Rockfield () is a hamlet in the parish of Tarbat, on the Tarbat Peninsula,  near the village of Portmahomack, Easter Ross, Highland, Scotland. There is a small stone jetty and the traditional way of life included fishing and agriculture. Rockfield is generally east-facing, below the level of a raised beach.

Coastal Walks 
Rockfield is a good place to start or finish a coastal walk.  In a south-south-west direction you can walk from Rockfield to the Seaboard Village of Balintore.  In a north-north-east direction you can walk from Rockfield to Tarbat Ness, round the headland and return to Portmahomack on the other side of the peninsula.

Rockfield to Balintore 
This walk places the Moray Firth on your left with the opportunity to observe dolphins and occasional whales.  The distance is reported as 8.5 km with modest changes in elevation.

Rockfield to Tarbat Ness and on to Portmahomack 
This walk may be broken into two halves.  The first half, from Rockfield to Tarbat Ness is in a general north-north-west direction with the Moray Firth on the right-hand side.

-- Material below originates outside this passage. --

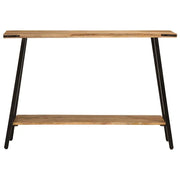 Tavolo Consolle 110x30x75 cm in Legno Massello di Mango 373615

At Tarbat Ness, you can break your walk by viewing the Tarbat Lighthouse and tide pools.  A road runs to the Lighthouse and an old salmon station.

The second half of the walk is on the opposite side of the Tarbat peninsula.  You will be walking in a general south-south-west direction with more protected arm of the sea to your right-hand side.  The walk ends in the village of Portmahomack.